··· Material to process

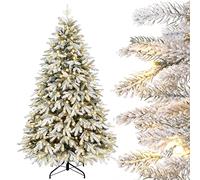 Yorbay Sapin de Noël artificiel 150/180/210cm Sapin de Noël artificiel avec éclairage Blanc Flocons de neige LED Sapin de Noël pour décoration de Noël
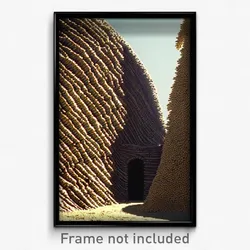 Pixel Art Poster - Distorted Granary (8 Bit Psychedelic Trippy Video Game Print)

······
··· Material to process

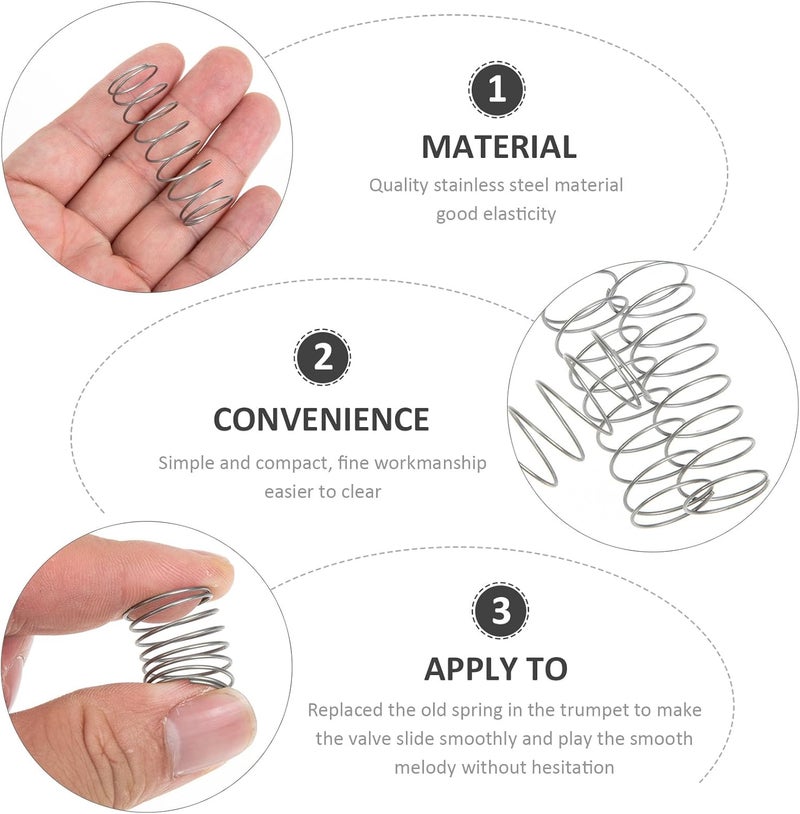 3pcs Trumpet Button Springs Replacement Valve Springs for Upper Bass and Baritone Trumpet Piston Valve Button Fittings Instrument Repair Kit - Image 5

······

Starting with the line that has "Yorbay Sapin de" and going on through the line that has "Pixel Art Poster", transcribe the records above exactly, but skip the pictures.

Solution to the problem
 Yorbay Sapin de Noël artificiel 150/180/210cm Sapin de Noël artificiel avec éclairage Blanc Flocons de neige LED Sapin de Noël pour décoration de Noël
 Pixel Art Poster - Distorted Granary (8 Bit Psychedelic Trippy Video Game Print)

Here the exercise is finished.